Specific subgroups of right- and left-wingers are more receptive to pseudo-profound bullshit, according to new research published in Personality and Social Psychology Bulletin.
Pseudo-profound bullshit describes statements that can appear to be deep but have no real meaning, such as the sentence “We are in the midst of a high-frequency blossoming of interconnectedness that will give us access to the quantum soup itself.”
The new findings help to untangle some of the complex relationships between bullshit receptivity and political ideology.
“I am interested in how a person’s worldview might get in the way of the pursuit of knowledge. Ultimately, I want to understand how we can better promote scientific thinking among persons with different worldviews,” explained study author Artur Nilsson, an associate professor of psychology at Linköping University.

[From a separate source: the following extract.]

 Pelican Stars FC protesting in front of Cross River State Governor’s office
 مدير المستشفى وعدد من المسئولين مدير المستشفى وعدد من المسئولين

“I think that the notion of pseudo-profound bullshit specifically caught my attention because I have a background in philosophy and an aversion to unclear statements. Understanding how bullshit operates also struck me as particularly urgent in our current digital age, in which fake news, conspiracy theories, and ‘alternative facts’ may have greater destructive potential than ever — although people have probably engaged in bullshitting for thousands of years.”
In the study of 985 Swedish adults, participants were asked to rate the profoundness of bullshit statements such as “Your movement transforms universal observations” and genuine aphorisms such as “Your teacher can open the door, but you have to step in.”